(MATERIAL FOR THE TASK Opens)

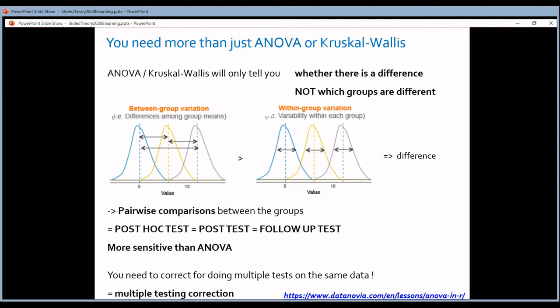But you still will not know which group is different from which. If you want to know this, you have to do additional statistical tests after the ANOVA and after the Kruskal-Wallis test. More specifically, you will have to do pairwise comparisons — comparing all the pairs of samples. In this example, you compare the blue sample with the yellow one, the yellow one with the gray one, and the blue one with the gray one.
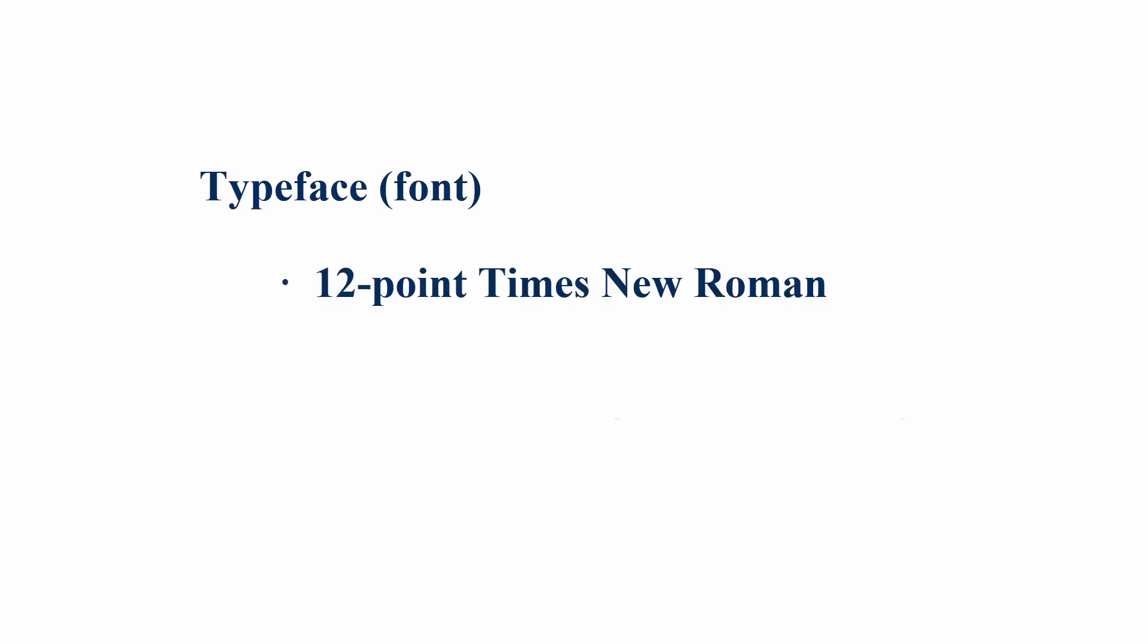APA Style still recommends the serif typeface of 12 point Times New Roman, but with the 7th edition, APA now allows for other fonts as long as they are highly legible and widely available.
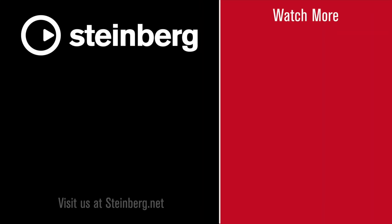So make sure you subscribe to that. Like this video if you've learned something. And leave us comments below telling us how you're using the editors in Cubase. Catch you soon.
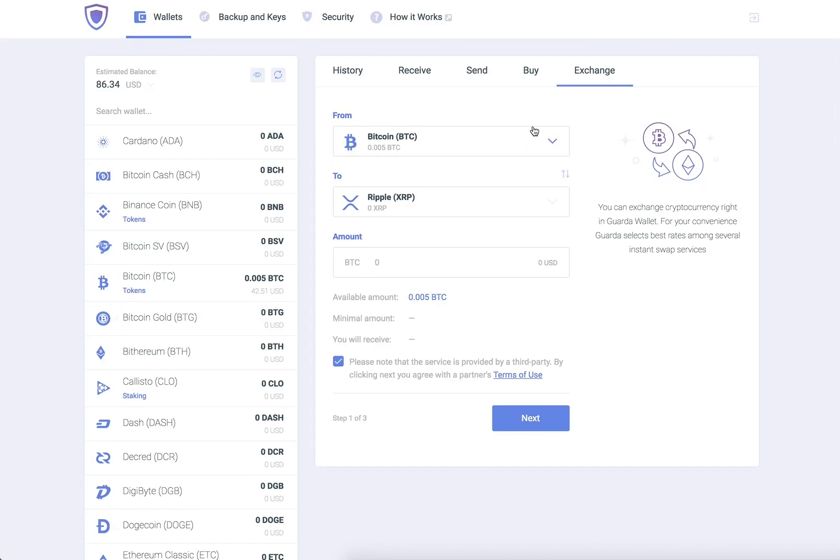Select Bitcoin in the first wallet slot and Ripple in the second. Enter the amount you would like to exchange and click Next.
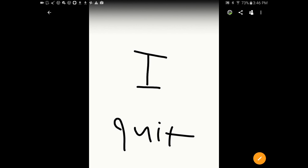All you haters don't have to see me anymore. I quit.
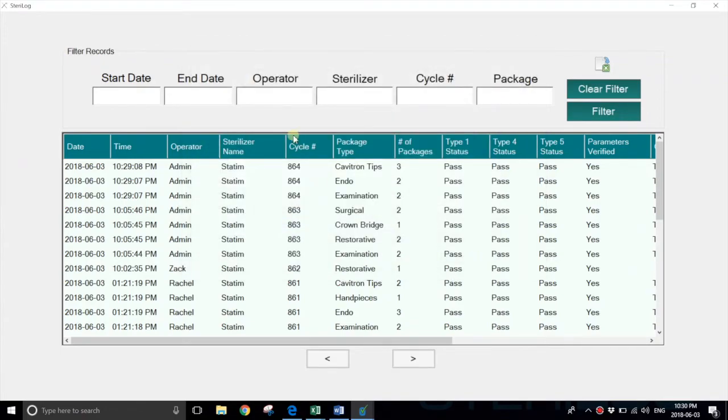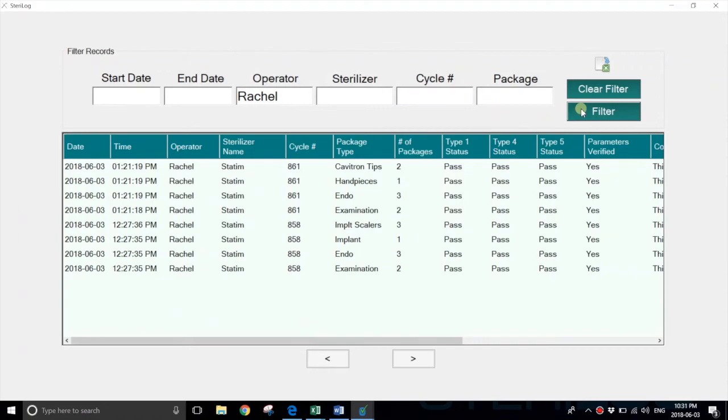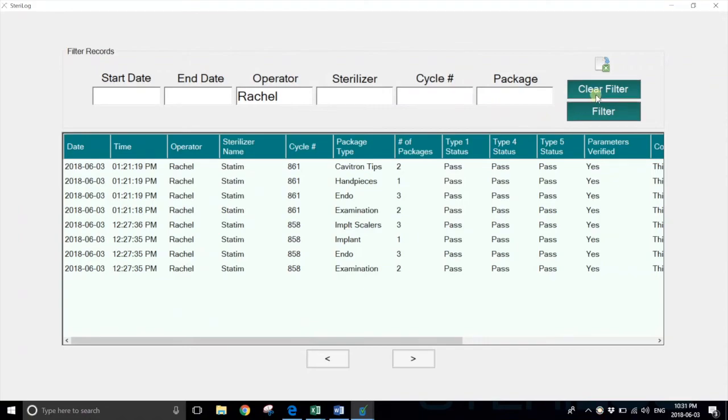You can filter on any results. If we want to see all the records by Rachel, you just key in the name and filter.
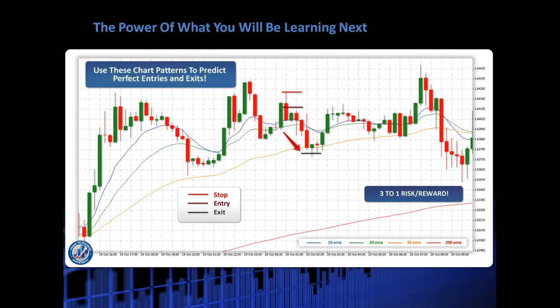So we're going to use these chart patterns to predict perfect entries and perfect exits. As you can see here, we're exiting just before the market reverses. What a perfect place to come out of the market.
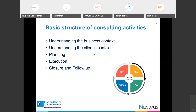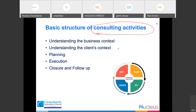Typically, the consulting activity can be split into five important phases, also recommended by ISO 20700, which provides guidelines on how to perform consultancy services: understand the business context, understand the organization context, plan your management system services, execute your management system consultancy services, and then closure and follow-ups.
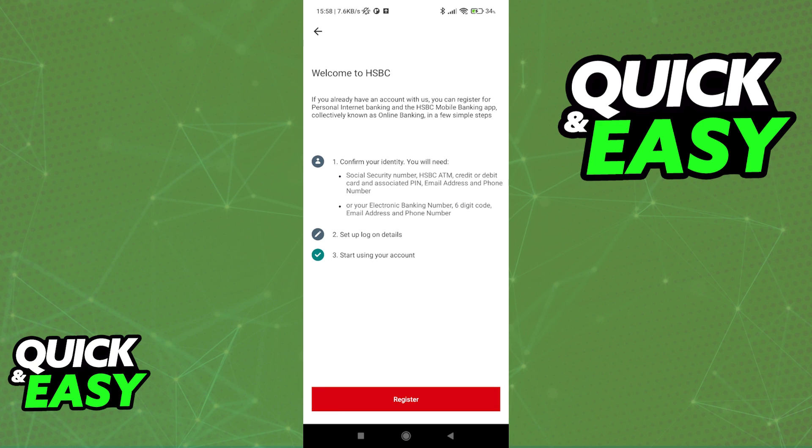Confirm the identity, you need all of these documents, and then set up the login details, and then you will be able to start using your account.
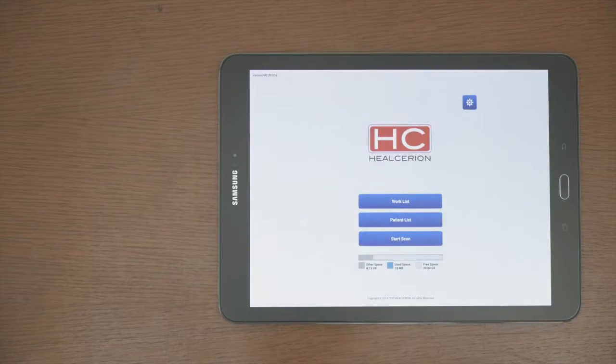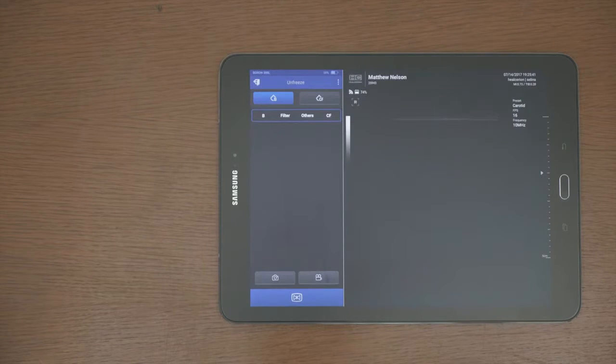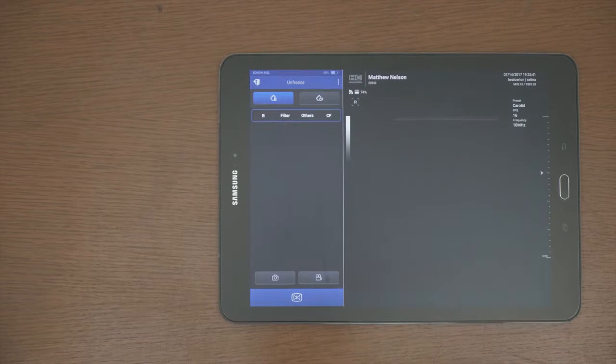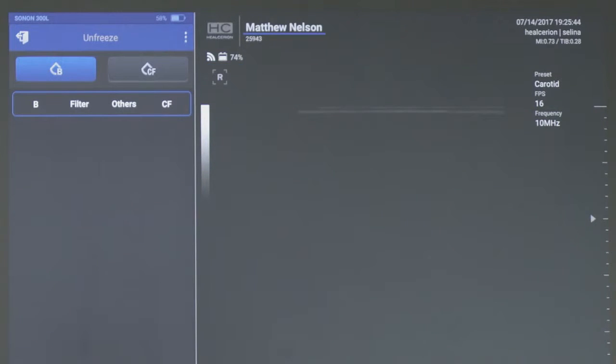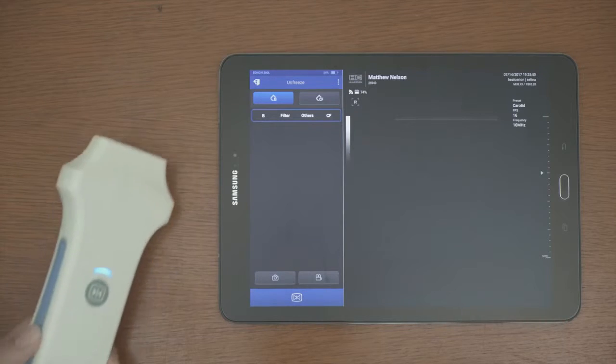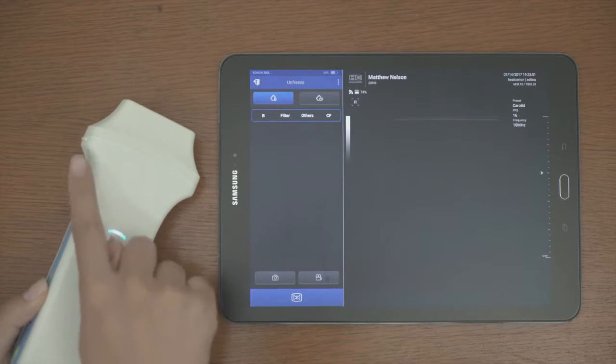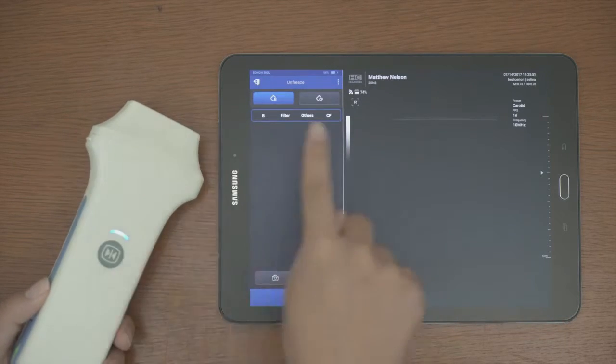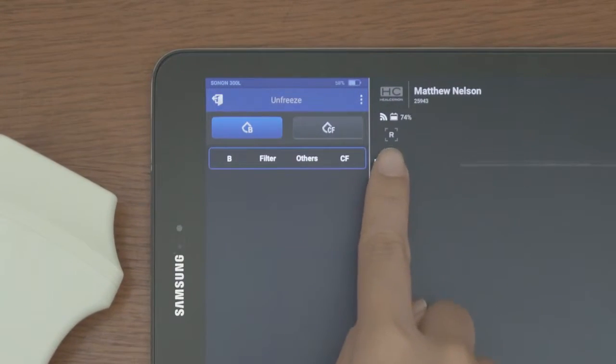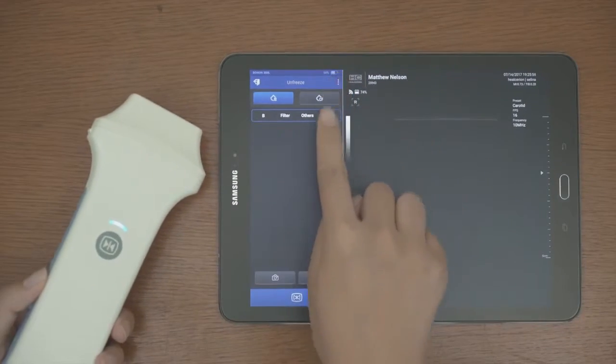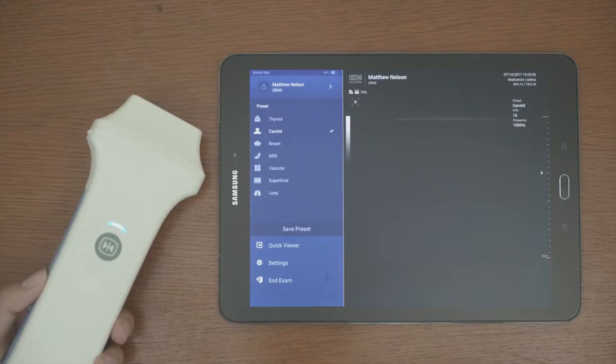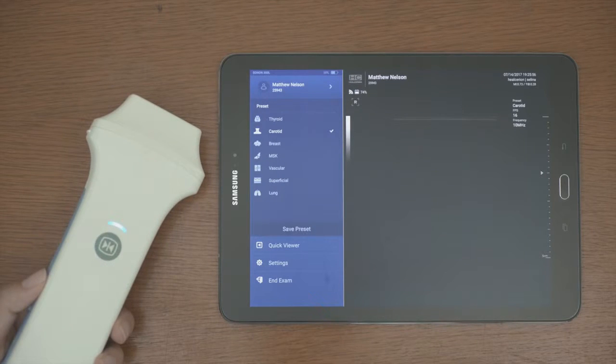The scan screen displays the connection status of the Wi-Fi connection and remaining battery status. Identify the patient's name and ID and match the R mark to the transducers line one marker. Before starting to scan, set the preset from the menu button.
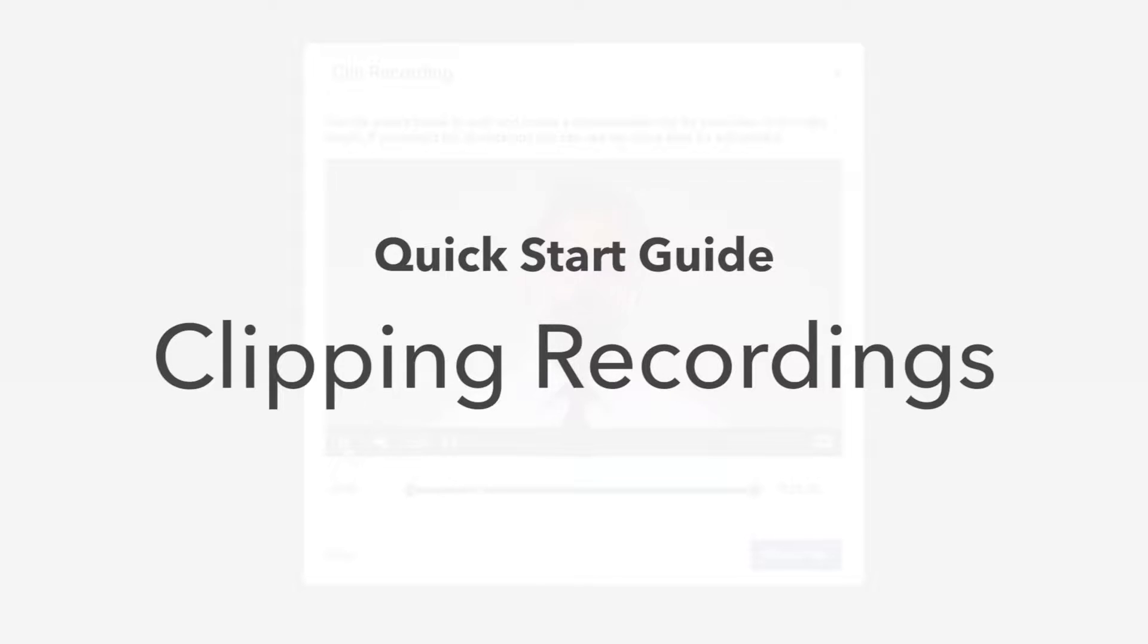Welcome back to another SocialLive Quick Start Guide. In this video we're going to be discussing clipping.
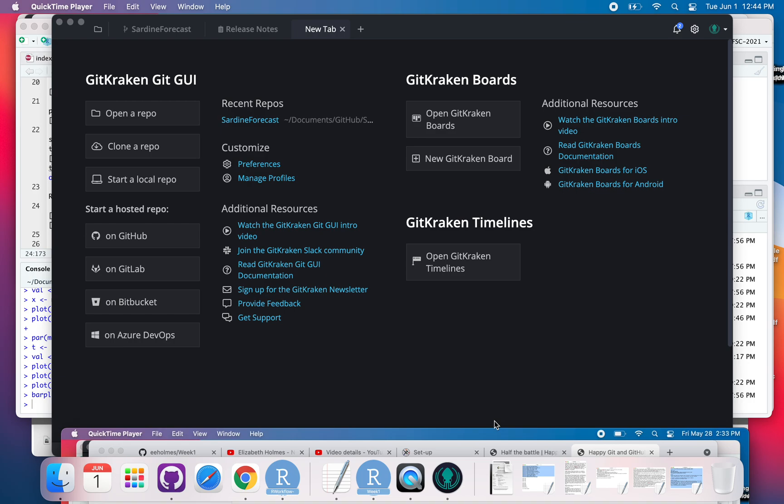that you already have on your computer. Now since I'm using GitHub Desktop, I have a lot of repositories on my laptop, so I'm just going to add one of my existing ones.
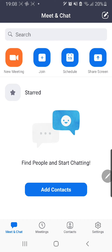Hey guys, and welcome back to the Tutorial Millennial channel. In this video, I will be showing you how you can add backgrounds to your Zoom call.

(MATERIAL FOR THE TASK Closes)

__TASK REQUIREMENTS__
Nothing but the lines from the top of the data above through the line containing "All you haters" should be output, exactly as written and without the pictures.

__SOLUTION__
But you still will not know which group is different from which. If you want to know this, you have to do additional statistical tests after the ANOVA and after the Kruskal-Wallis test. More specifically, you will have to do pairwise comparisons — comparing all the pairs of samples. In this example, you compare the blue sample with the yellow one, the yellow one with the gray one, and the blue one with the gray one.
APA Style still recommends the serif typeface of 12 point Times New Roman, but with the 7th edition, APA now allows for other fonts as long as they are highly legible and widely available.
So make sure you subscribe to that. Like this video if you've learned something. And leave us comments below telling us how you're using the editors in Cubase. Catch you soon.
Select Bitcoin in the first wallet slot and Ripple in the second. Enter the amount you would like to exchange and click Next.
All you haters don't have to see me anymore. I quit.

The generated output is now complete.